As usual the Kentish Town ponds were productive of objects, and among them were several rotifers not found in the previous months. The first of these was a very small worm-like thing, with one eye, a tuft of cilia about the mouth, and two toes at the tail end. Had it not been for the jaws, which were working like fingers thrust against each other, and which were unmistakably of the rotifer pattern, the animal might have been supposed to belong to some other class. According to the 'Micrographic Dictionary,' the Lindia torulosa is 1—75" long, but this specimen was only about 1—200". It was possibly very young, and did not thrust out its cilia in two distinct tufts, as Cohn describes, although it may have had the power of doing so. At times it sprang quickly backwards and forwards, bringing its head where its tail was before. This object required for its comfortable elucidation a power of about six hundred linear.
Œcistes crystallinus.
Among the common water-plants, which are worth examining as the probable abodes of rotifers or infusoria, is the pretty little thing called "star-weed," some of which was obtained from the last-mentioned ponds, and on examination yielded a specimen of a tube-dwelling rotifer, the Œcistes crystallinus, which, although less beautiful than the Floscules or the Melicerta, is, nevertheless, a pretty and interesting object. In this instance a little rough dirty tube, about 1—70" long, was observed to contain an animal capable of rising up and expanding a round mouth garnished with a wreath of cilia; while a little below, the indefatigable and characteristic gizzard of the tribe was in full play. A power of two hundred and forty linear sufficed to afford a good view, and it was seen that a long, irregular, conical body was supported upon a short wrinkled stalk. The usual drawings represent this creature with a short bell-shaped body upon a very long slender pedicle. Possibly this one might have been able to show himself under this guise, but he did not attempt it; his appearance being always pretty much as described, which made the foot shorter and the body longer than the measurements which naturalists have given, and according to which the whole creature is 1—36" long, although the body is only 1—140". The tube of the Œcistes is called a "lorica," or carapace; but it has in truth no right whatever to the appellation.

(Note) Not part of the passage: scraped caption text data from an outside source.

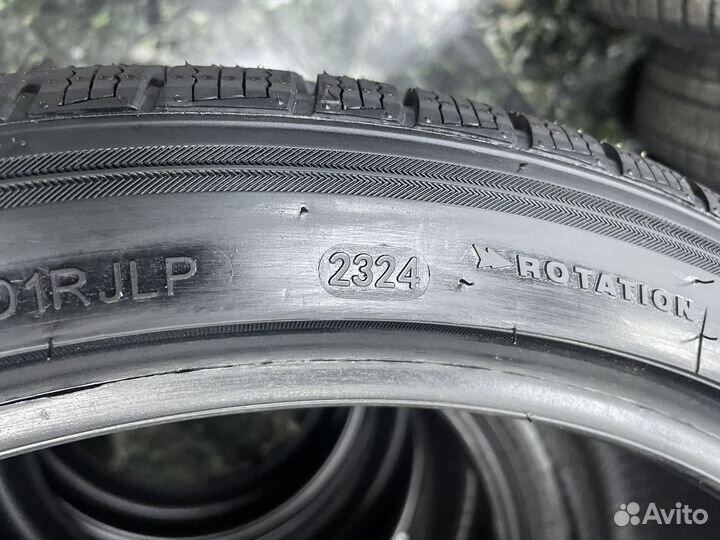 Gripmax SureGrip Pro Winter 245/35 R19 93V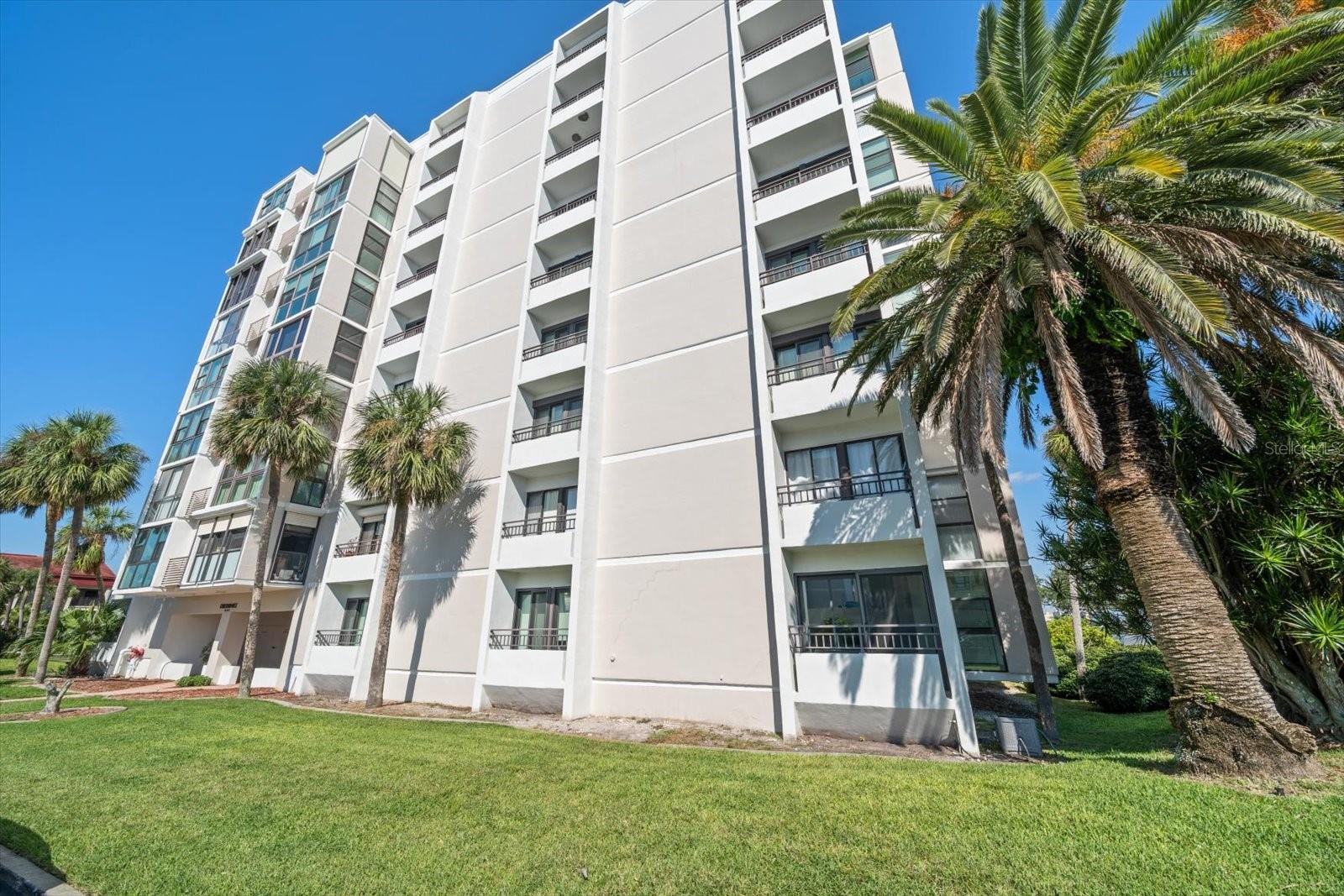 Image 45 of 58 For 855 Bayway Boulevard 105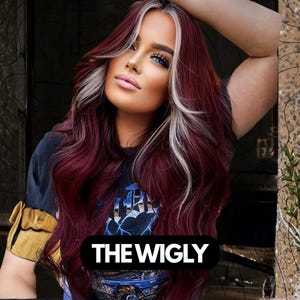 Bordeauxfarbene Lange Wellen-Perücke mit Blonden Face-Framing Highlights – Kräftige Farbe, Eleganter Stil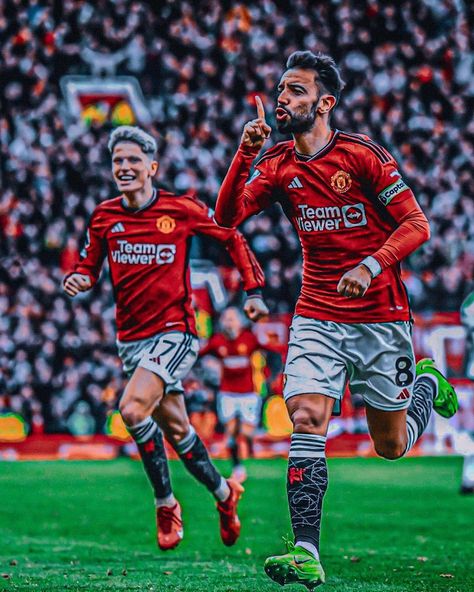 Manchester United Team Photo, Cold Pics, Family Sketch, Hip Hop Wallpaper, Pageant Costumes, United Wallpaper, Haha Photos, Manchester United Team, Bruno Fernandes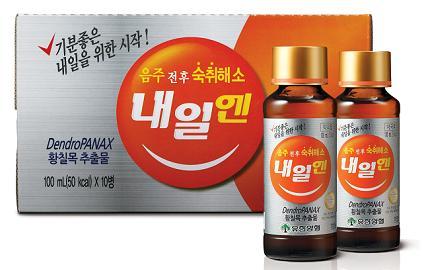 유한양행은 황칠나무에 주목하고 이와 관련한 연구를 추진하고 있다. 그 첫 결과물로 황칠나무 추출물의 숙취해소 음료인 ‘내일엔’을 출시했다. 제약회사가 황칠나무를 제품화한 첫 사례다.
내일엔은 황칠나무 추출물을 주성분으로 하는 국내 최초의 숙취해소 음료로 국내산 사과, 벌꿀, 모과 등 엄선된 원료가 적절히 배합된 제품이다. 내일엔은 약국에서 구입할 수 있다.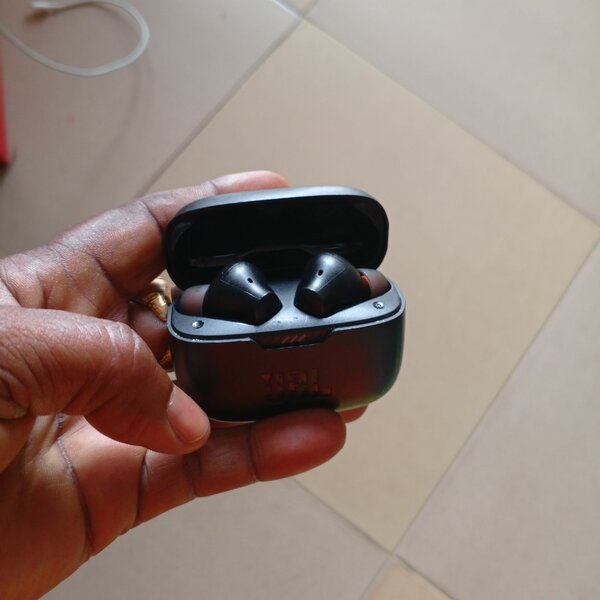JBL tune230 NC-TWS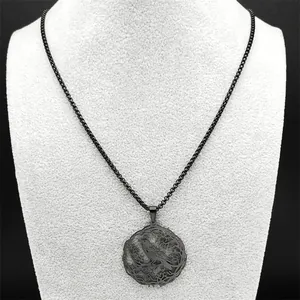 Collier rétro noir en acier inoxydable avec pendentif corbeau sur présentoir blanc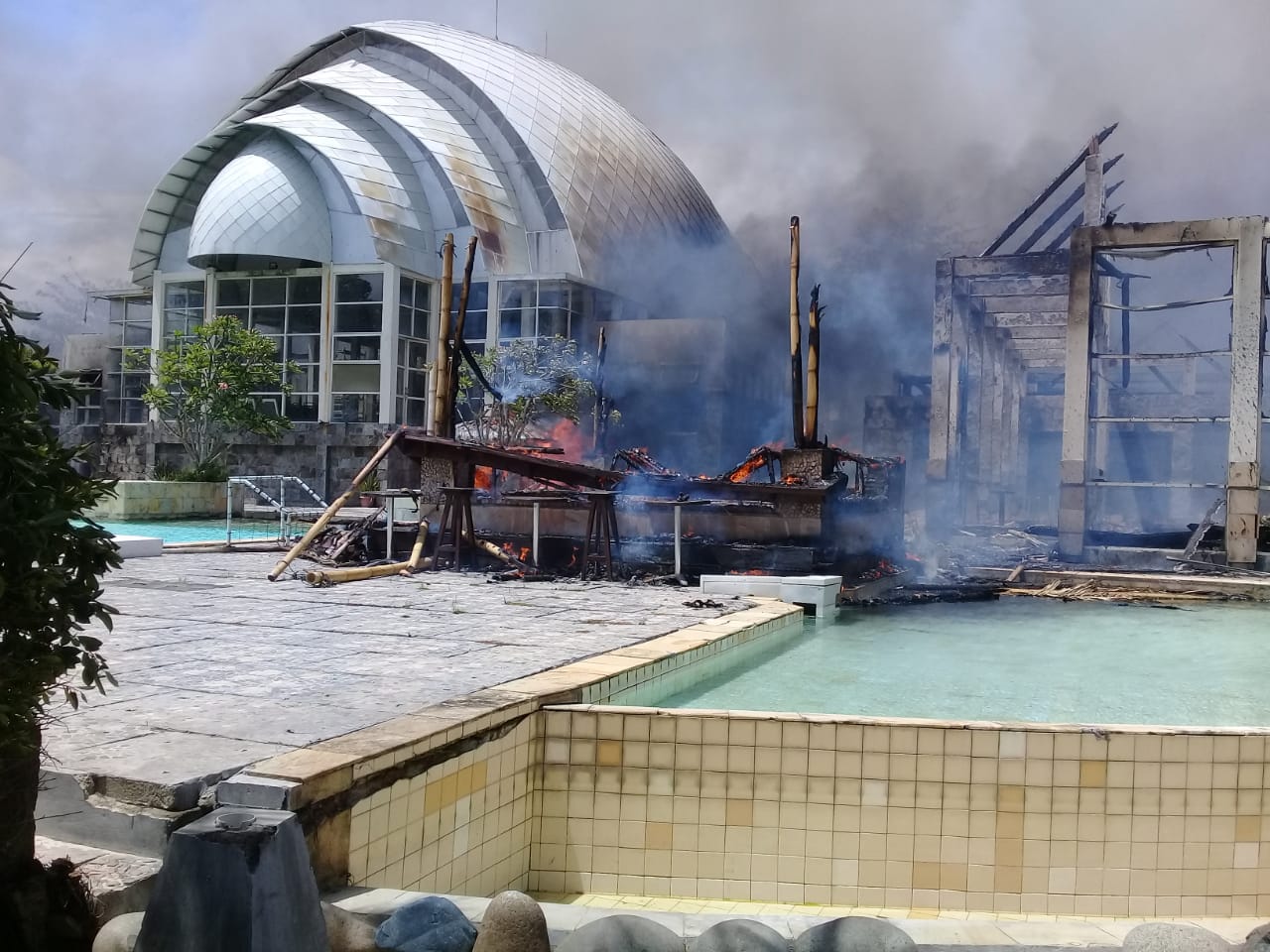 Resort Pulau Umang Terbakar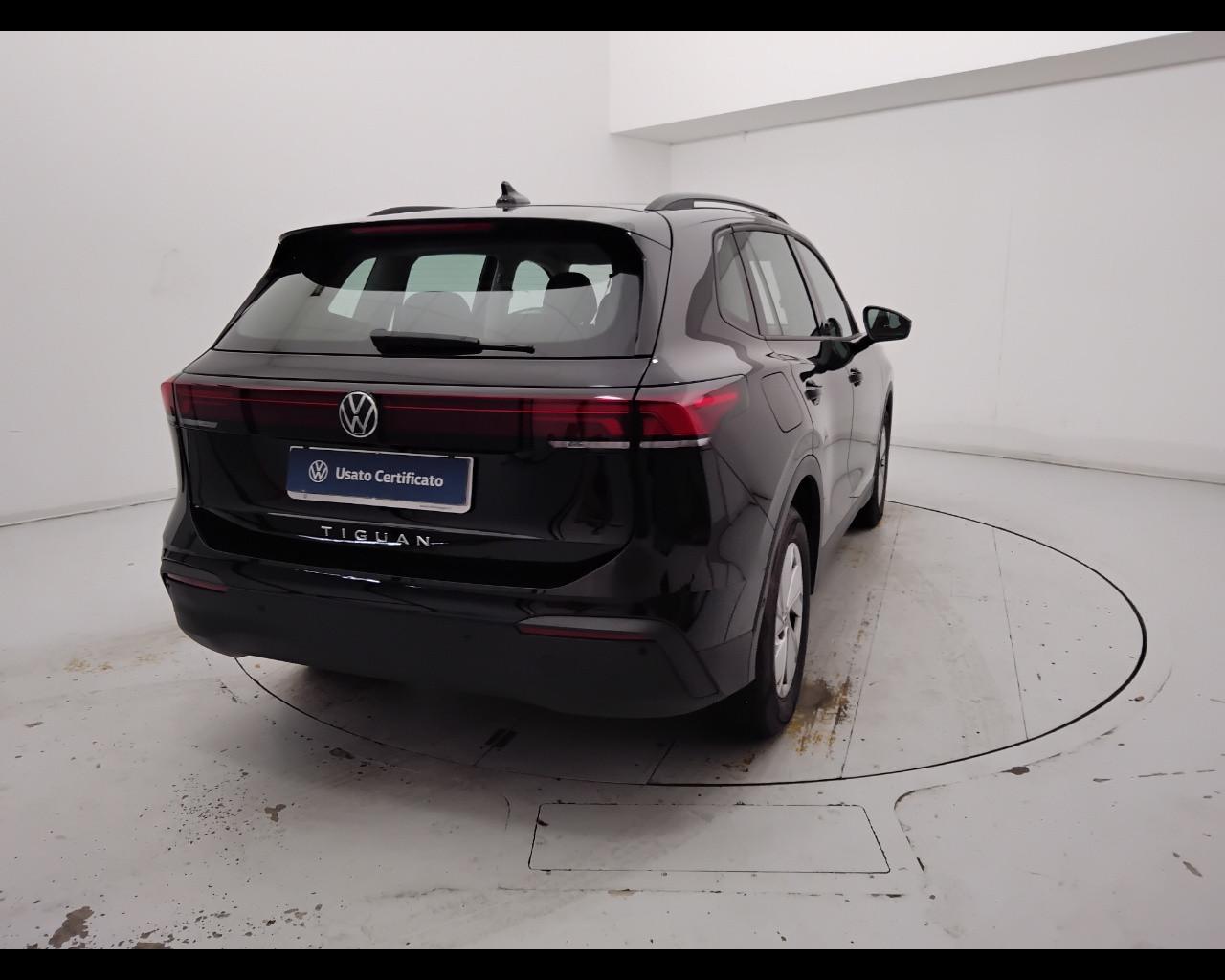 VOLKSWAGEN Tiguan III 2024 - Tiguan 2.0 tdi Life 150cv dsg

Another strange rotifer, of whose name I am uncertain, had an ovalish oblong body, and a pair of legs like compasses, twice as long as himself. His antics were those of a posture-master, or "Professor of Deportment" on stilts. Sometimes he stood bolt upright, bringing his legs close together; then they were jauntily crossed, and the body carried horizontally; then the two legs would be slightly opened, and the body thrown exactly at right-angles to them. These antics were repeated all the while the observation lasted, and had a very funny effect in proving that drollery is practised, if not understood, in the rotatorial world.
Philodina (swimming).
Another kind of rotifer was abundant—the Philodina, which belongs to the same family as the common wheel-bearer, namely, the Philodinæa. The Philodina is a good deal like the common wheel-bearer, or Rotifer vulgaris, but is usually of a stouter build, and carries his eyes in a different place. In the common rotifer these organs are situated on the proboscis, while those of the Philodina are lower, and said to be "cervical." The changes of form in this rotifer are still more remarkable than in the common wheel-bearer. When resting it resembles a pear-shaped purse, puckered in at the mouth. Then it thrusts out its tail-foot, swells its body to an oval globe, protrudes its feeler, and slightly exposes a row of cilia. After this two distinct wheels are everted, and as their cilia whirl and spin, the animal is swiftly rowed along, until it thinks proper to moor itself fast by the tail-foot, and employ all its ciliary power in causing currents to converge towards its throat. When it pleases it can elongate the body, till it becomes vermiform, and it walks like the common rotifer, by curving its back, and bringing its nose and its tail in contact with the ground.